Eric J. Heyer, Joanna L. Mergeche, and E. Sander Connolly Jr.


Transcranial Doppler (TCD) is frequently used to evaluate peripheral cerebral resistance and cerebral blood flow (CBF) in the middle cerebral artery prior to and during carotid endarterectomy (CEA). Patients with symptomatic carotid artery stenosis may have reduced peripheral cerebral resistance to compensate for inadequate CBF. The authors aim to determine whether symptomatic patients with reduced peripheral cerebral resistance prior to CEA demonstrate increased CBF and cognitive improvement as early as 1 day after CEA.


Fifty-three patients with symptomatic CEA were included in this observational study. All patients underwent neuropsychometric evaluation 24 hours or less preoperatively and 1 day postoperatively. The MCA was evaluated using TCD for CBF mean velocity (MV) and pulsatility index (PI). Pulsatility index ≤ 0.80 was used as a cutoff for reduced peripheral cerebral resistance.

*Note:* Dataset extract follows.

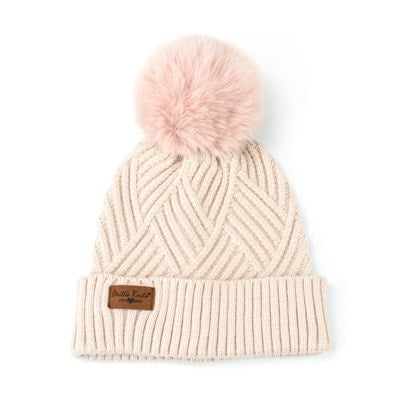Britt's Knits Super Poof Pom Hat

Significantly more patients with baseline PI ≤ 0.80 exhibited cognitive improvement 1 day after CEA than those with PI > 0.80 (35.0% vs 6.1%, p = 0.007). Patients with cognitive improvement had a significantly greater increase in CBF MV than patients without cognitive improvement (13.4 ± 17.1 cm/sec vs 4.3 ± 9.9 cm/sec, p = 0.03). In multivariate regression model, a baseline PI ≤ 0.80 was significantly associated with increased odds of cognitive improvement (OR 7.32 [1.40–59.49], p = 0.02).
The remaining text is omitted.